That doesn't keep those governments from spending an order of magnitude more than the paltry $18 billion NASA gets (just ~0.5% of the US federal budget) on military matters. NASA doesn't have funding to do these things because of a lack of political will to fund it. Other national space programs are in a similar place.
I remember reading an article that stipulated that the moon, unlike previous accounts, was actually drifting AWAY from the earth, making it very hard to predict where its orbit will adjust once it leaves the earth. For all we know, it could crash into the sun... not anytime soon, but you have to bear that in mind.
Well... yes, it was established quite a long time ago that the moon is slowly drifting away.
The Apollo Retroreflectors (actually, better link) measure the current speed at 3.8 cm per year. While it may eventually spiral away from the Earth, that won't be until after the expanding Sun starts burning up the planet.
The Moon is a good target for a permanent base, but there is not enough investment money to do much beyond a slow trickle toward the necessary technologies.
Mars is a feasible goal right now --- if you account for a one-way trip.
A fun detail is that while the Earth's gravity is too strong for a present-day space elevator, both the moon's gravity (1/6 of Earth) and Mars' gravity (1/3 of Earth) are low enough that a space elevator would work well after the initial investment. Once a functioning colony is established on one, it would be easier to use that is the staging area to establish the other. This could be repeated for many other locations, including the more habitable (but outside the easily habitable zone) moons of other planets.
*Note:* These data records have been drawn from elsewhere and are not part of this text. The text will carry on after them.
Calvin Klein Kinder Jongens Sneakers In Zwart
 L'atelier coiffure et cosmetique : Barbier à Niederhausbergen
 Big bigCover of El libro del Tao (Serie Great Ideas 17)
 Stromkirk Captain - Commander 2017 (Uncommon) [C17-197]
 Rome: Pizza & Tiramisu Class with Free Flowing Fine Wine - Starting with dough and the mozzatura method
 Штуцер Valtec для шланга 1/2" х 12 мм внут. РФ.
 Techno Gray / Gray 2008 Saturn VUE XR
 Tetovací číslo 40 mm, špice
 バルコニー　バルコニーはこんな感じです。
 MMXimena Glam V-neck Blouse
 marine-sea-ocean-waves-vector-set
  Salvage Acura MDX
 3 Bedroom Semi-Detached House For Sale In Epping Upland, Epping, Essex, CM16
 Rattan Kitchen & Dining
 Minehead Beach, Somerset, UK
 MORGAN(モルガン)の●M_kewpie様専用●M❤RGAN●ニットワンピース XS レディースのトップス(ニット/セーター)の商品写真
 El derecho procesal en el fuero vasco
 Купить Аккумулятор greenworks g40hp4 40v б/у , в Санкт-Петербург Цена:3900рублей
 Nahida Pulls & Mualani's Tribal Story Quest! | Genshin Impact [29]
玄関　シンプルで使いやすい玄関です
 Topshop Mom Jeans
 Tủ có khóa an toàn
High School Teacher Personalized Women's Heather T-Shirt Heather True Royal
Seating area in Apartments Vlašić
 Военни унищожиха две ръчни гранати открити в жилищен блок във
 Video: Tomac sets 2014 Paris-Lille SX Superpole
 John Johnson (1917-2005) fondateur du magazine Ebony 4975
A fun detail is that while the Earth's gravity is too strong for a present-day space elevator, both the moon's gravity (1/6 of Earth) and Mars' gravity (1/3 of Earth) are low enough that a space elevator would work well after the initial investment.
I doubt a space elevator would be any more feasible on the moon or Mars than Earth. In fact, it's probably less so. Consider that in order for a space elevator to not fall over, the elevator's center of mass needs to be in a place that doesn't move relative to the surface of the body it's attached to. On Earth, that means an equatorial geostationary orbit about 35,700km from the surface. Mars has an equivalent orbit, but Phobos orbits below that (since it takes less time than a Martian day to orbit Mars) meaning that eventually it would collide with the elevator.The Moon has no safe equivalent orbit since it's tidally locked with the Earth. Earth-Moon L2 wouldn't work, either, since the center of mass of the elevator would have to actually orbit the L2 and such orbits are not generally stable. The Sun's gravity would eventually pull the elevator away unless it had some kind of station-keeping system.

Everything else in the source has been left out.